[Instructions for the task] The material below should be copied line for line, please, with pictures omitted.

[Information shown]
........

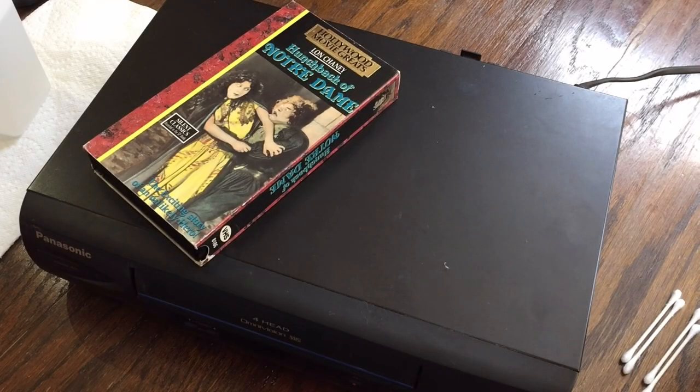Hey guys, how's it going? Today I'm making a video about how to clean mold off of VHS tapes. This is basically straight from the tutorial on LunchMeat VHS. Some of you may have seen that blog post — I think it's a two-part blog post now. I do a couple more steps than they do for the tapes, just to make sure that everything is extra super clean.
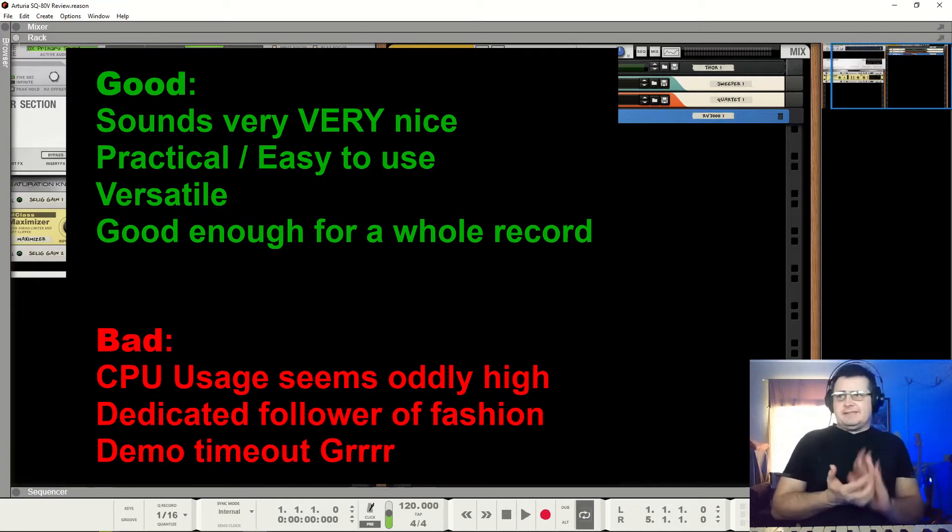Now for my goods and bads. The goods: it sounds really nice — you might have been thinking I wasn't going to say that, but it does. It's practical and easy to use. It's a synth that if I'd been able to have it in 1988 I would have been in love with it — not the original SQ80, but the 80V as I've got it in front of me right now. It's versatile, and the reason I would have loved it is that I could make whole records with it, just as I did back then with a single CZ or my EMU Emax. That to me is a really big accolade.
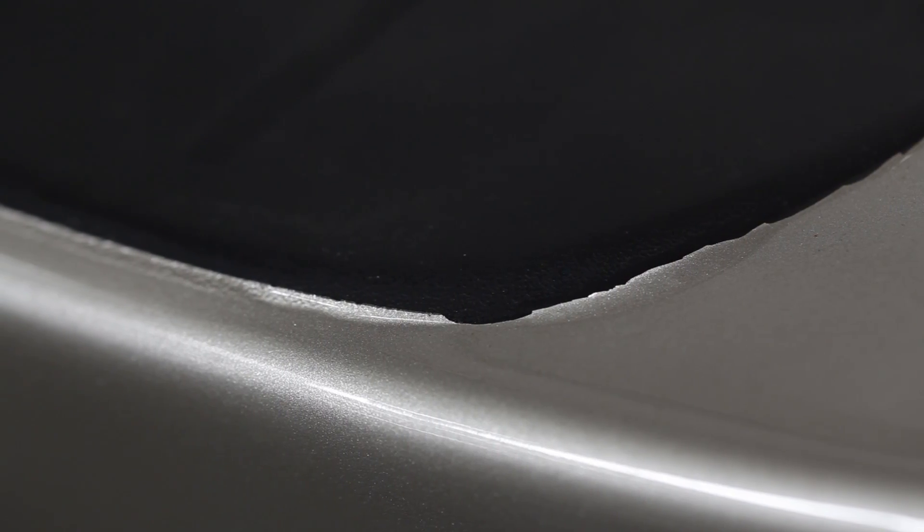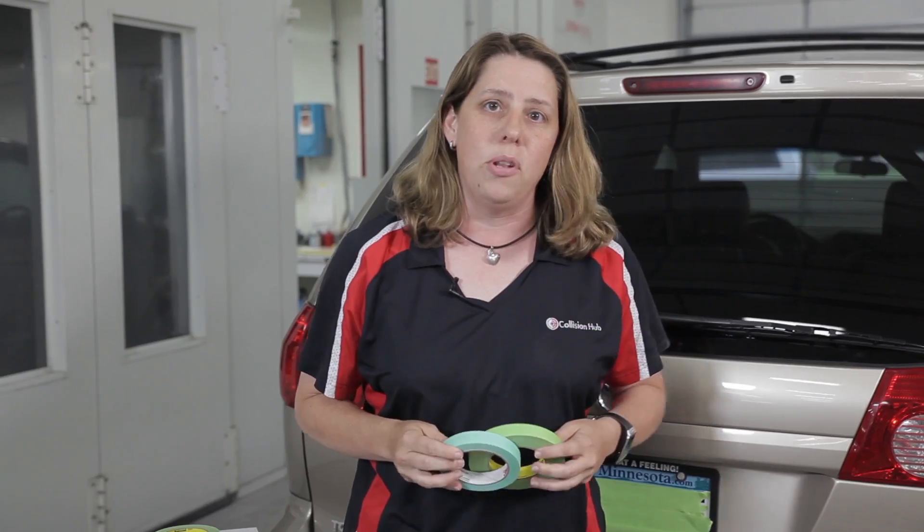It prevents things like bleed back and other things from happening or peeling. So make sure that you've always got the right tape in your toolbox to get the best job each and every time, and this won't happen to you. Thank you.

........

[Solution for this task]
Hey guys, how's it going? Today I'm making a video about how to clean mold off of VHS tapes. This is basically straight from the tutorial on LunchMeat VHS. Some of you may have seen that blog post — I think it's a two-part blog post now. I do a couple more steps than they do for the tapes, just to make sure that everything is extra super clean.
Now for my goods and bads. The goods: it sounds really nice — you might have been thinking I wasn't going to say that, but it does. It's practical and easy to use. It's a synth that if I'd been able to have it in 1988 I would have been in love with it — not the original SQ80, but the 80V as I've got it in front of me right now. It's versatile, and the reason I would have loved it is that I could make whole records with it, just as I did back then with a single CZ or my EMU Emax. That to me is a really big accolade.
It prevents things like bleed back and other things from happening or peeling. So make sure that you've always got the right tape in your toolbox to get the best job each and every time, and this won't happen to you. Thank you.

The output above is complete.